Toutefois il faut tenir compte aussi de certaines causes compensatrices qui agissent avec une grande efficacité et tendent à enrayer le mal.

D’abord les personnes qui ont à faire des paiements à l’étranger cherchent à régler ces paiements par quelque moyen autre que l’envoi du numéraire : d’une part, parce que cette expédition n’est pas commode, d’autre part, parce que ce numéraire n’a pas généralement cours dans le pays où il doit être payé. Ils recherchent donc, pour employer le langage technique, « du papier » sur l’étranger, c’est-à-dire des lettres de change qui constituent le mode ordinaire de paiement international. Mais dans la situation que nous envisageons, ces lettres de change seront rares, puisque nous avons supposé que les créances étaient inférieures aux dettes, et elles seront très recherchées puisque nous avons supposé qu’il y avait beaucoup plus de débiteurs que de créanciers. En vertu de la loi de l’offre et de la demande, elles se vendront donc à un prix supérieur à leur valeur nominale : elles feront prime. Or il est clair que cette prime procurant un bénéfice à tous les créanciers sur l’étranger qui ont des lettres de change à vendre, c’est-à-dire à tous les exportateurs, stimulera les exportations et qu’à l’inverse cette prime à payer rendant gênante et onéreuse la situation de tous les débiteurs vis-à-vis de l’étranger, notamment des importateurs, aura pour effet de décourager les importations[2]. Or relèvement des exportations et réduction des importations, voilà précisément le remède qui convient le mieux à la situation.

Ce n’est pas tout. Admettons que le manque d’équilibre entre les créances et les dettes entraîne un drainage continu du numéraire.

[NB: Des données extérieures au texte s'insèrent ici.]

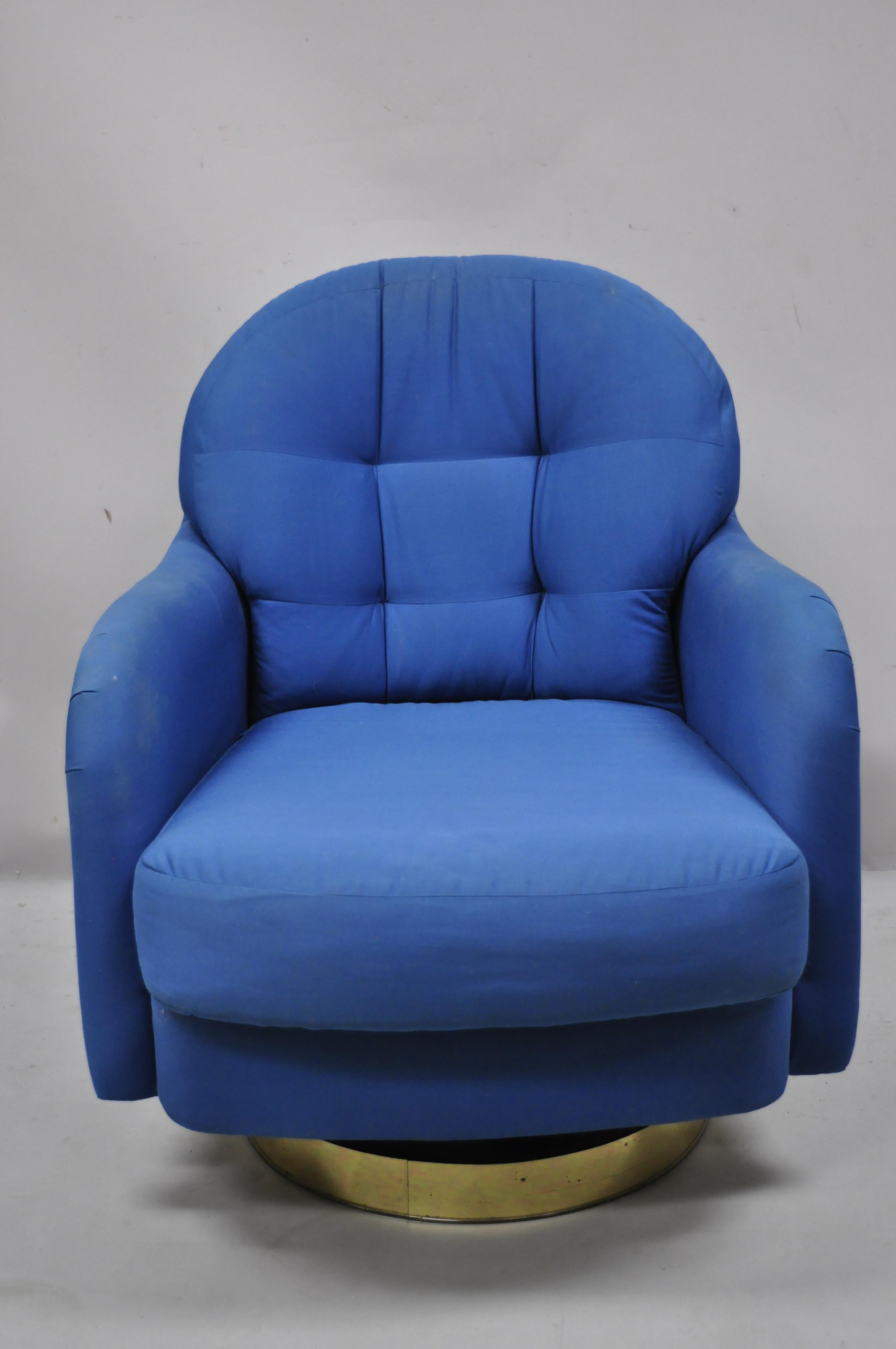 Milo Baughman for Thayer Coggin swivel tilt blue upholstered club lounge chair. Item features swivel and tilt seat, upholstered frame, original label, very nice vintage item, clean modernist lines, quality American craftsmanship, great style and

La fuite du numéraire aura pour effet l’abaissement des prix et quoique cette baisse des prix ait des inconvénients, elle aura cependant cet avantage particulier, dans le cas présent, de stimuler les ordres d’achats du dehors, puisque le commerce court toujours au meilleur marché, et de ralentir au contraire les achats faits par les nationaux au dehors puisqu’ils pourront s’approvisionner désormais à meilleur compte chez eux : on ne voit guère les marchandises aller des endroits où elles sont chères aux endroits où elles sont bon marché, pas plus qu’on ne voit les fleuves remonter vers leurs sources ! En d’autres termes, cette situation doit tendre à relever les exportations et à mettre un frein aux importations — même résultat bienfaisant que tout à l’heure.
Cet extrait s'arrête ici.